Soccer is the most popular game in the world played by over 200 countries. The most popular event in soccer universe occurs every four years and it’s known as the World Cup. It’s watch by over 3 billion people. That’s 6 times as many people watching the Super Bowl.
The rules to the modern game were established in 1863 and it’s govern today by FIFA. The current FIFA president Sepp Blatter recently told the BBC, “racism and discrimination have no place in football.”
In order to play soccer all you need is a round spherical ball. Long considered the easiest game to play. That is of course if you can handle your feet as well as you can handle your arms and hands. Only the goalie is allowed to handle the ball with his or her arms and hands. But even the goalie is limited because he or she can only go out to certain point called “the goalie’s box”.
The soccer field is called the pitch and it’s rectangle shape about 120 yards long and 70 yards wide. There are 2 goals at each end of the pitch. The object of the game is to drive the ball through the goals as many times as you can before time runs out. Each match is 90 minutes long with a 15-minute break after 45 minutes of play. Every field player can use every part of the body except the hands to move the ball forward.
Some good terms to know in soccer:
Kick-off – First pass of the match.
Throw in – when the ball goes out of bounds the opposing team throws it back in.
Corner Kick – When the defending team kick past it’s own goal and gets kicked in at the corners by the opposing team
Free Kick – Awarded to the opposing team after a foul
Penalty Kick – Awarded the opposing team when the foul is in the penalty box.
Yellow Card – A caution card after a bad foul.
Red Card – given after a terrible foul and the player is ejected from the game. Two yellows equal a red card.
GOALLLLLLLLL – What you scream when your team scores a goal.

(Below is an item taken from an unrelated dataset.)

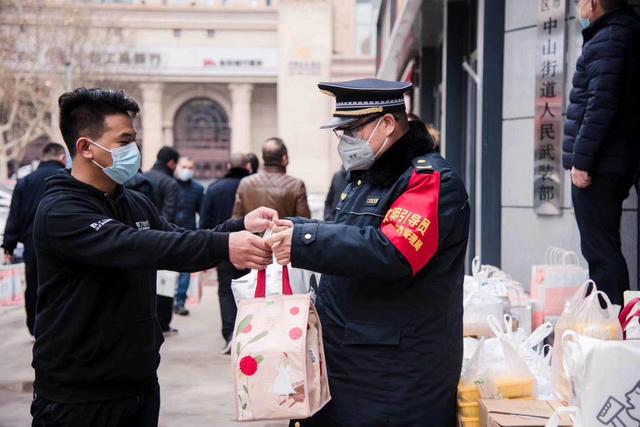 他們是城市出行守護者，那些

Sports have the power to distract us from our everyday ailments and fill us with hope. It’s an excitement for a better tomorrow. But with no other sport is this truer than soccer. Soccer stopped the British and German armies from temporarily annihilating themselves during WWI. On Christmas Eve in 1914, both armies huddled in there respective trenches readied to destroy one another. When a German officer saw two British soldiers kicking the ball around in no man’s land. One by one, men from both trenches came out and started kicking the ball around. And for a few hours, the world was not at war.